Alfred Camner - Chairman and CEO
I think he's saying how much that the -
Ramiro Ortiz - President and COO
Premium amortization in the quarter.
Alfred Camner - Chairman and CEO
I'm not sure if it's his phone or operator needs to follow on.
Operator
David, could ask him to repeat the question.
David Honald - Analyst
Sure, guys. Is this better?
Alfred Camner - Chairman and CEO
That's much better.
David Honald - Analyst
About premium amortization during the quarter and went impact on net interest margin.
Alfred Camner - Chairman and CEO
We did see a significant slowdown in premium amortization particularly on our NBA security portfolio. That slowed down quarter-over-quarter to the tune of about $1.8 million in terms of basis points has an effect of about 41 basis points quarter to quarter. So that was a significant help obviously. We've had a continued belief in terms of improvements in the pre-pay situations, we've been going forward. We should mention also with respect to the re-pricing that we have the $200 million in notes in the market that are at a 540 that will also be reprising this quarter.
David Honald - Analyst
Thanks.
Operator
Thank you. Our next question comes from Laurie Hunsicker with FBR.
Laurie Hunsicker - Analyst
Hi, Good afternoon. I'm just wondered if maybe you can comment just a couple things quickly I had questions on. Number one was the tax rate, where that will be running. We were thinking I think closer to 34, it came in at 32. Where would we expect to see that, I guess, for 2004 going forward?
Alfred Camner - Chairman and CEO
We should still see it, Laurie, right about in that same range of 32 to 34.
Laurie Hunsicker - Analyst
32 to 33%?
Alfred Camner - Chairman and CEO
32, 33, 34, right in that area.
Laurie Hunsicker - Analyst
OK. And -- OK. And you don't have anything tighter than that? That's a bigger range.
Alfred Camner - Chairman and CEO
If you need to narrow the range down, I'd say 32, 33.
Laurie Hunsicker - Analyst
OK. And then your loan servicing portfolio of $1.1 billion for others, where is that currently carried on the books?
Alfred Camner - Chairman and CEO
It's valued at 125 basis points, and you've got to remember, that's been built up over the last few years, so most of the loans are relatively new and most of them have been originated at a pretty low rate, so we're pretty comfortable with the valuation.
Laurie Hunsicker - Analyst
OK, And what is your weighted average?
Alfred Camner - Chairman and CEO
Coupon rate?
Laurie Hunsicker - Analyst
Yeah.
Alfred Camner - Chairman and CEO
It's right about 580, 590.
Laurie Hunsicker - Analyst
OK, great. And then maybe if you could just comment a little bit more generally, your core deposit growth this quarter looks phenomenal. You guys had a terrific quarter. If you could maybe comment a little bit more as to where that growth is coming from, how your -- are you stealing the share, where is that coming from? And maybe if you could also elaborate a little bit more specifically on the C&I side, you know, I know you all were adding some new commercial lenders, how that's all playing out. That would be great, thanks.

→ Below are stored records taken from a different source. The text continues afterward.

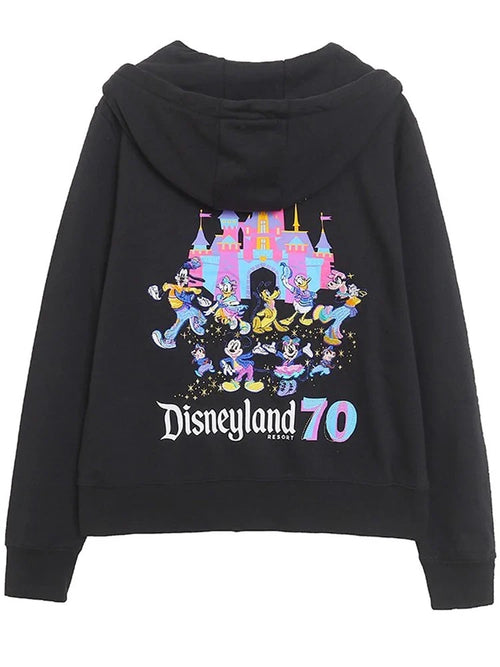 70th Anniversary Castle Mickey Mouse Family Letter Embroidery Fleece Sweatshirt Unisex Women Hooded Zipper Jumper Top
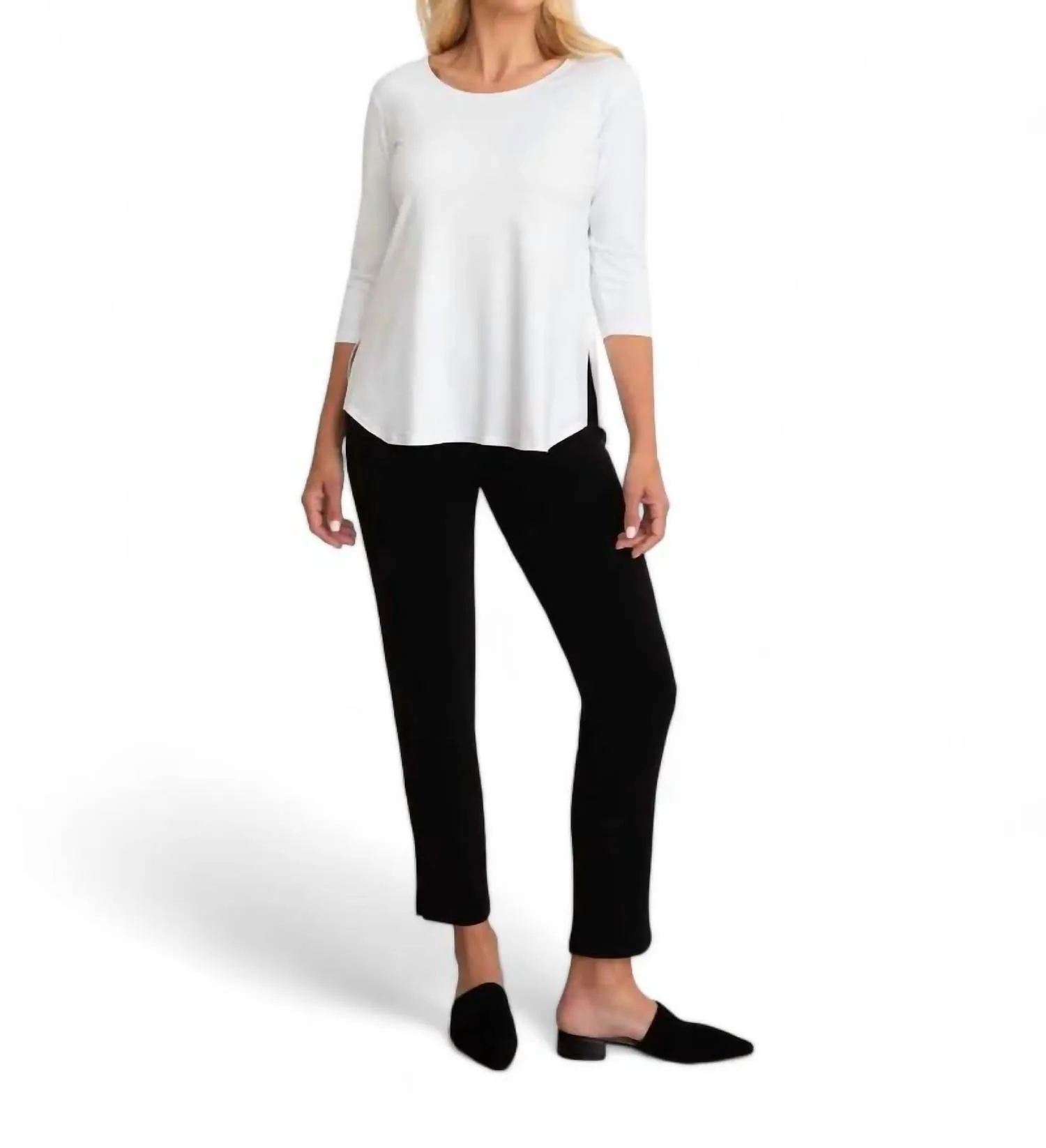 Go To Classic Relax 3/4 Sleeve Top In Ivory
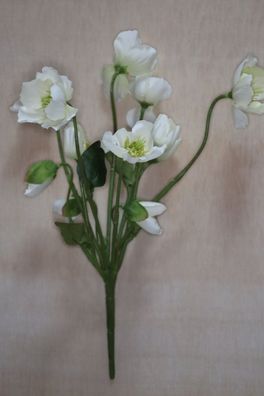 Christrosenbusch künstlich, 29 cm Farbe Weiß/ Elfenbein, Weihnachtsdekoration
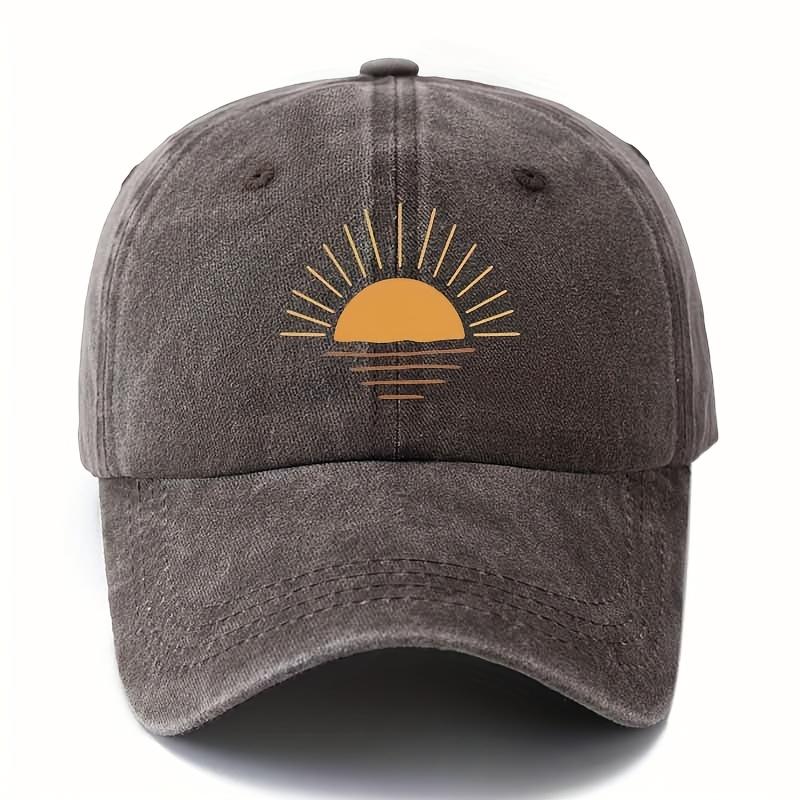 Men's and Women's Versatile Printing Sunrise Baseball Hat Curved Eaves Truck Driver Outdoor Vacation Travel Camping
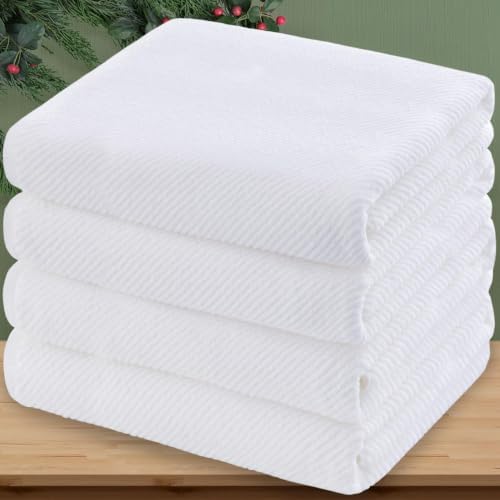 VOOVA & MOVAS White Bath Towels 4PC, 100% Cotton, 30x56 in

Alfred Camner - Chairman and CEO
Let me first talk about the C&I. Credit quality is really the governor that drives our commercial loan growth. Let me start out by saying that. We're not going to be in the business of go-go lending. Having said that, the number that I talked about, 52 brand new relationships over an eight-month period, quite frankly I had never seen that. I take a great deal of comfort in the fact that these are all established south Florida companies, all well-known to our management team, and this is good. This is playing out just as we had expected when we laid out the strategy. The core deposit, a big part of our micro market strategy that we released almost a year ago was just that, to transform our balance sheet from less reliance on CD's and more towards core deposits. I'm particularly pleased with our non-interest bearing deposits and the growth that we've had in that area.

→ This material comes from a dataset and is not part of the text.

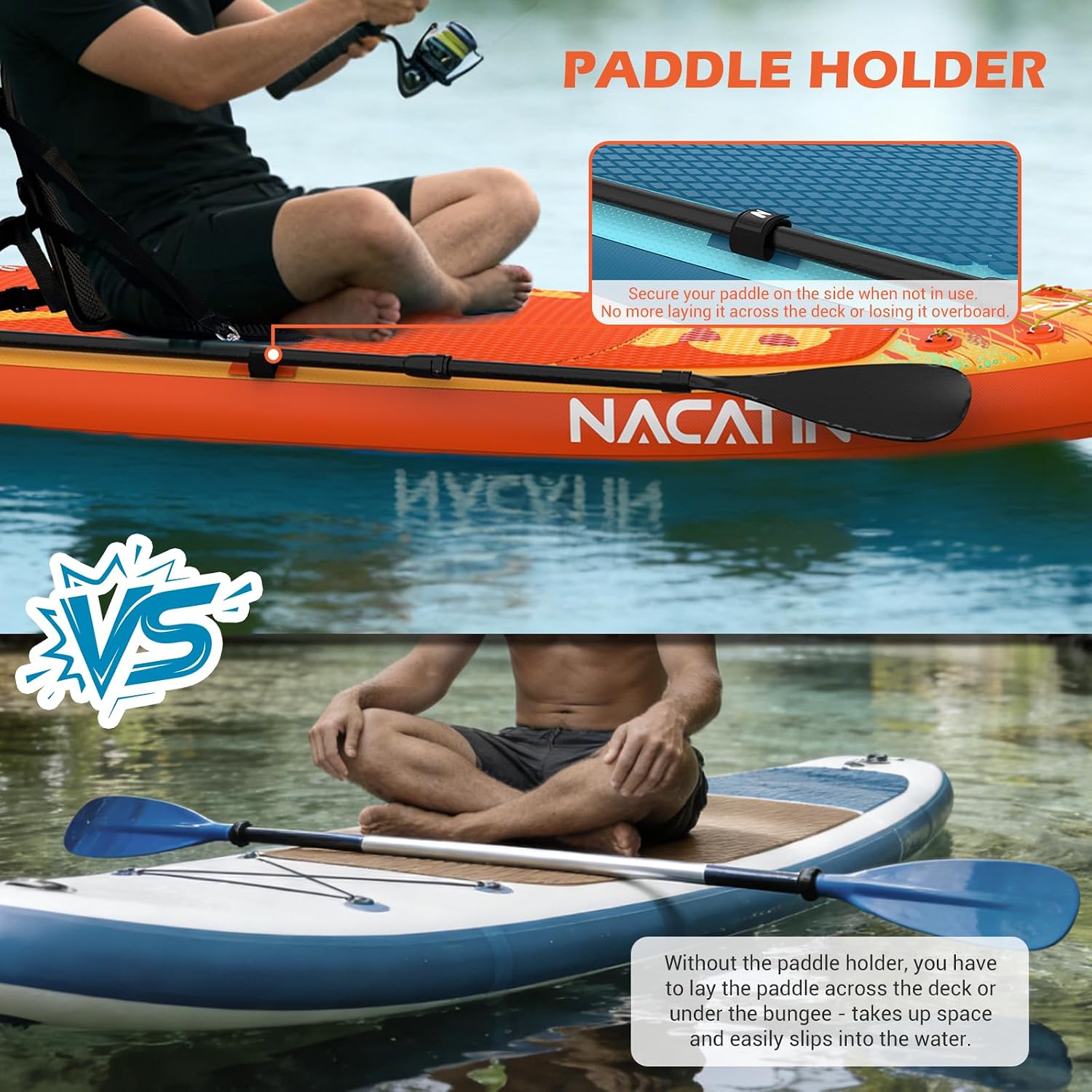 NACATIN Inflatable Stand Up Paddle Board,10'6'Upgrade Version Blow Up Paddle Boards for Adults with Premium SUP Accessories& Backpack,Adjustable Paddle,Camera Mount,Hand Pump, for Lake, River, Yoga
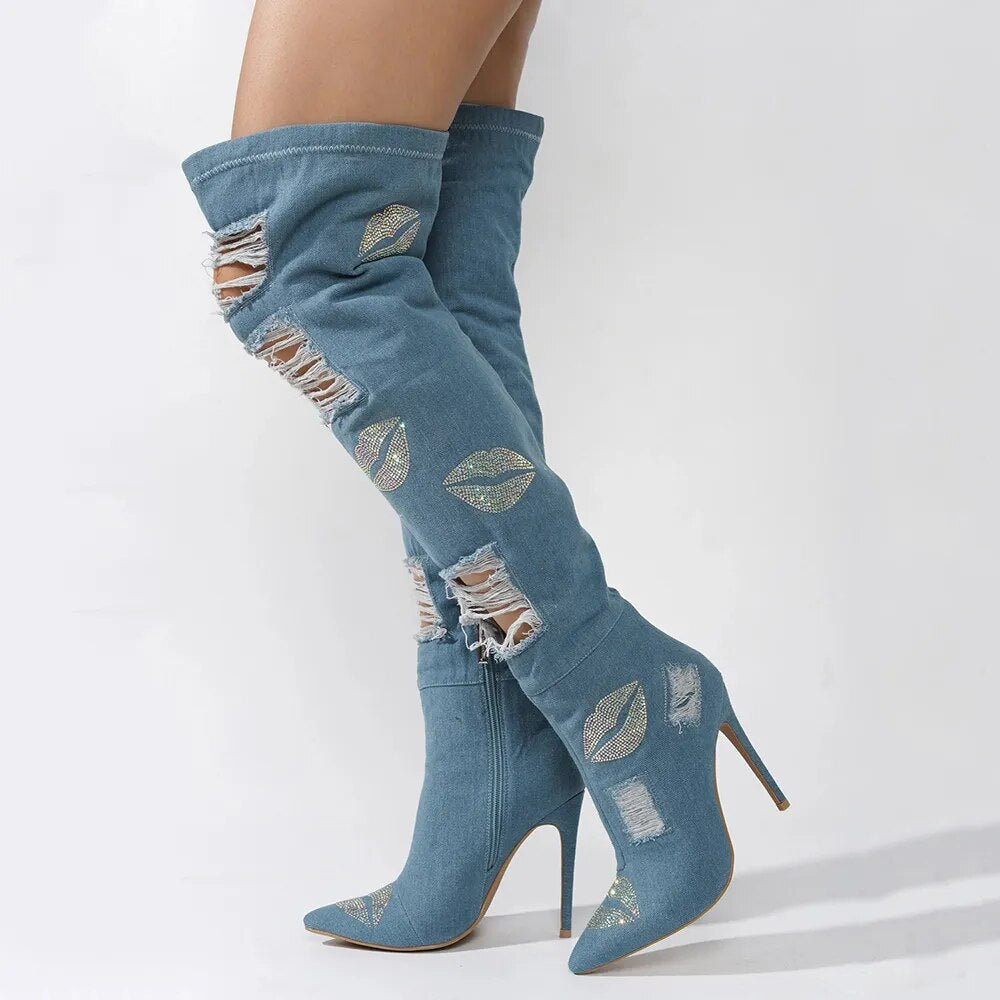 Distressed Denim Over-The-Knee Boot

Laurie Hunsicker - Analyst
You have perhaps some shock. Just going back to C&I, how many lenders do you actually have now that are part of your team?
Alfred Camner - Chairman and CEO
Let me see. We have five in Dade County and two in Broward County.
Laurie Hunsicker - Analyst
And how does that compare to where you were maybe, you know, a year ago?
Alfred Camner - Chairman and CEO
We had four a year ago in Dade county and one in Broward County.
Laurie Hunsicker - Analyst
OK.
Alfred Camner - Chairman and CEO
Now, there's been turnover in that area, and quite frankly, we've upgraded the talent level in that area.
Laurie Hunsicker - Analyst
OK.
Bert Lopez - CFO
Our focus has gone from what was primarily a participation type of strategy to a full commercial relationship strategy, where we bank not only the companies with fully priced products, but also the owners as well.
Ramiro Ortiz - President and COO
Which, by the way, also is a strong reason for increase in our core deposit area, in particular, non-interest bearing accounts. So, the relationships that are being developed and it's partly because, we have excellent people on hand and we're able to now service these customers in a way we haven't been able to do before, but there's also clearly a trend in the market, where the bigger are getting bigger and as a result, more customers are really looking for a bank where they can get localized decision-making.
Laurie Hunsicker - Analyst
Right. OK. And then just one final question, obviously, Ryan and I are new to banking I do here but, from the standpoint your balance sheet is transitioning phenomenally while your asset quality is improving, obviously you have excess capital. Could you just comment from the standpoint of capital management, in terms of dividends, in terms of buybacks, if we could expect to see that at some point in the horizon or what your thoughts are?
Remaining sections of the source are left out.